Tüberkülin teşhisi. Tüberküloz mezadenit tanısında önemli bir yer tüberkülin testleri ile işgal edilir. Tıp pratisyenlerinin çalışmalarında, tüberkülin örneklerinin değerinin belli bir fazla tahmin edilmesi bazen gözlenmektedir; Tüberkülin örneklerinin tanısal değerinin yanlış değerlendirilmesiyle ilişkili hataları önlemek için, unutulmamalıdır:

  1. Yüksek derecede olasılıkla tüberküline zayıf pozitif ve negatif reaksiyon, tüberküloz mezadenit tanısını dışlar.
  2. Pozitif ve keskin pozitif reaksiyonlar tanı için çok daha az önemlidir, çünkü bu tür reaksiyonlar rezidüel spesifik değişiklikler (Gon odak, vb.) Olan tüberküloz olmayan hastalarda gözlemlenebilir.
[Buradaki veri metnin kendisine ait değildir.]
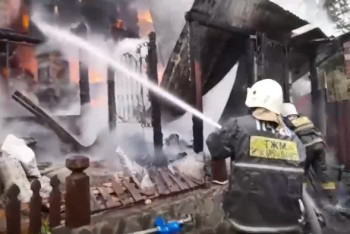 Фотография к новости: ШҚО-дағы өрт сөндірілді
Bazı hastalarda, spesifik olmayan alerjiler nedeniyle tüberkülin reaksiyonlarında bir artış vardır.

Laboratuvar test verileri. Kan, mide suyu, idrar ve dışkı laboratuvar testlerinin sonuçları tüberküloz mezadenitin ayırıcı tanısında yeterince güvenilir kılavuzlar sağlamamaktadır. Bununla birlikte, aşağıdaki hususlar önemlidir:

  1. Kırmızı kandaki değişiklikler ve aynı zamanda ESR'nin önemli (40 mm ve daha yüksek) hızlanması, hastalığın tüberküloz etiyolojisine karşı konuşur.
  2. Kronik kolitli birçok hastada bazen% 40-45'e ulaşan lenfositoz vardır.
  3. Tüberküloz mezadenitli hastalarda, kronik kolit, gastrik ülser ve 12 duodenal ülser ve kolesistitli bazı vakalarda gözlenen mide suyu ve duodenal içerikteki değişikliklerin hafif, fonksiyonel doğasının aksine, mevcut klinik morfolojik tabloya karşılık gelen bir veya diğer kalıcı değişiklikler hastalığı.
  4. İdrar tahlili zorunludur: mesadeniti simüle eden ağrılar alternatif oksalüri ile açıklanabilir.
  5. Helmintik istilalar tüberküloz mezadenite benzer semptomlara neden olabileceğinden, solucan yumurtaları için dışkıların incelenmesi gerekir.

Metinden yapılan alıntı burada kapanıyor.